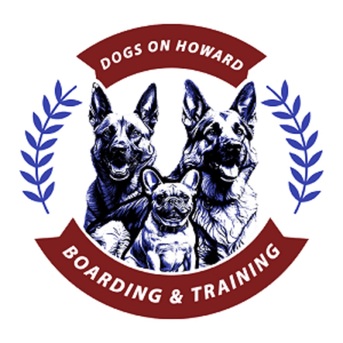 New York, Business, Dogs On Howard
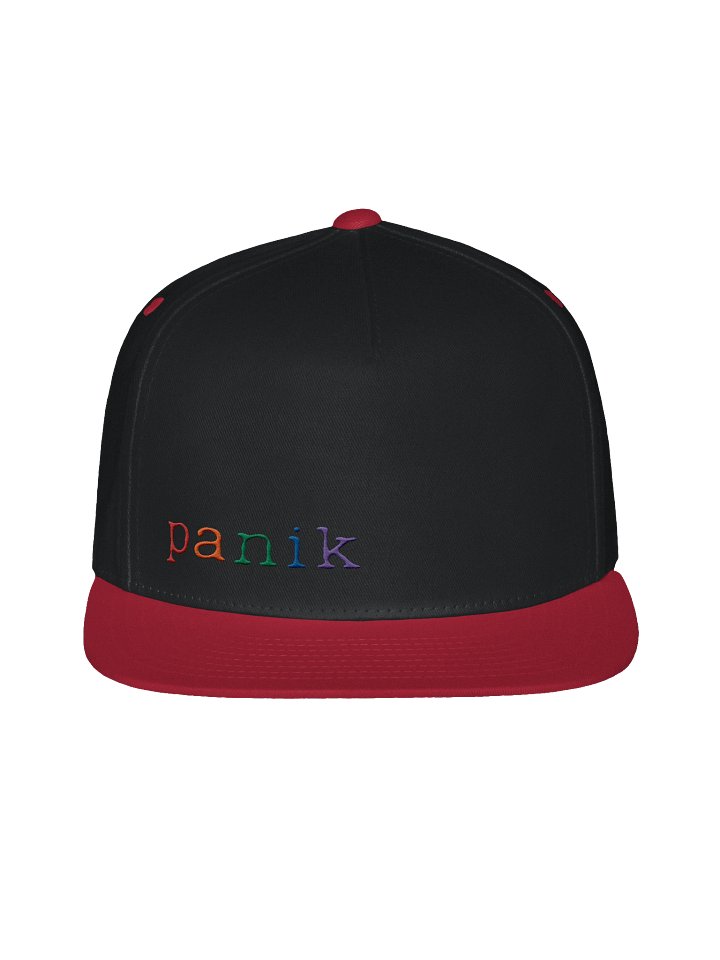 gay panik snapback product image (13)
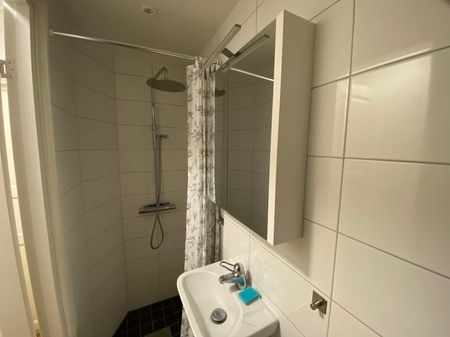 Folkungagatan, Linköping - Photo 4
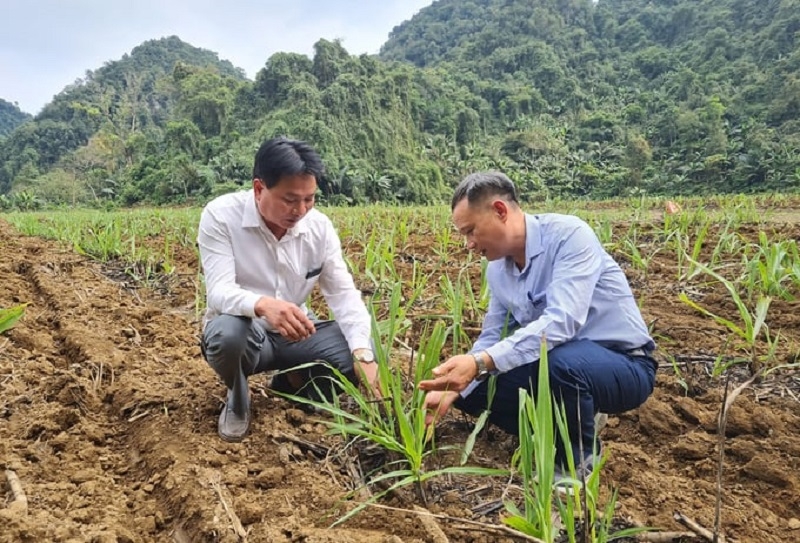 Ông Lô Văn Vinh &lpar;áo trắng&rpar; - Giám đốc Hợp tác xã Dịch vụ Nông lâm nghiệp Vinh Dung bên cánh đồng mía của HTX.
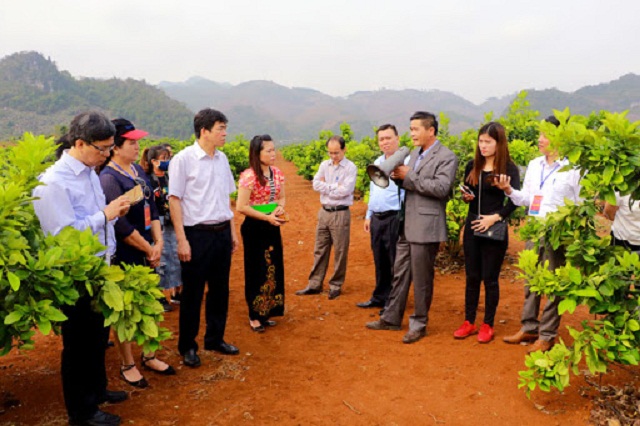 Các cấp chính quyền cần tăng cường hỗ trợ HTX xây dựng thương hiệu và chỉ dẫn địa lý sản phẩm (Ảnh: TL)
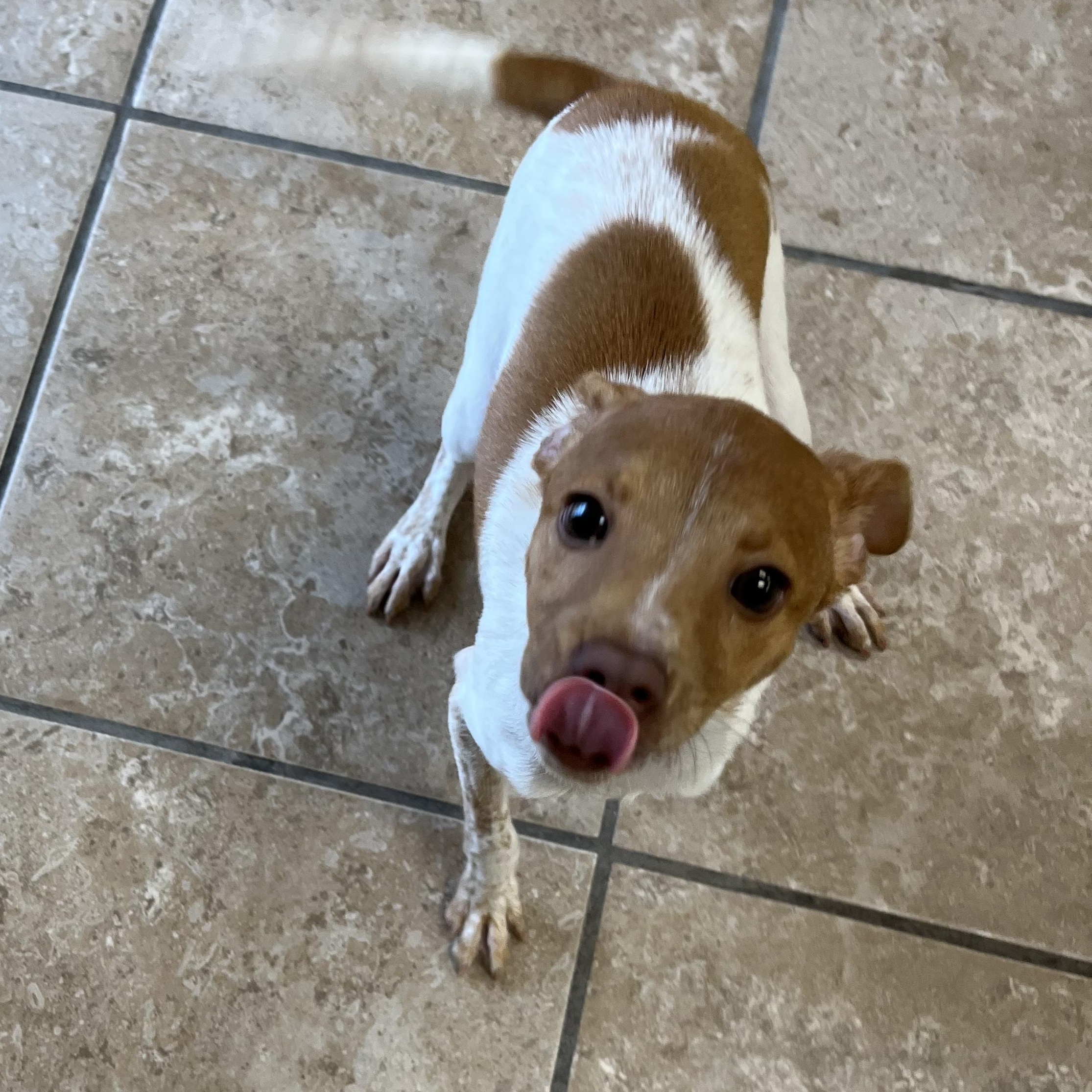 Enlarge Daphne, an adopted Chihuahua in Farmington, MO image 3/5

────────────────────

The output should hold only the lines from the one containing "Các cấp chính" through the last line of the listing, reproduced exactly, pictures omitted.

 Các cấp chính quyền cần tăng cường hỗ trợ HTX xây dựng thương hiệu và chỉ dẫn địa lý sản phẩm (Ảnh: TL)
 Enlarge Daphne, an adopted Chihuahua in Farmington, MO image 3/5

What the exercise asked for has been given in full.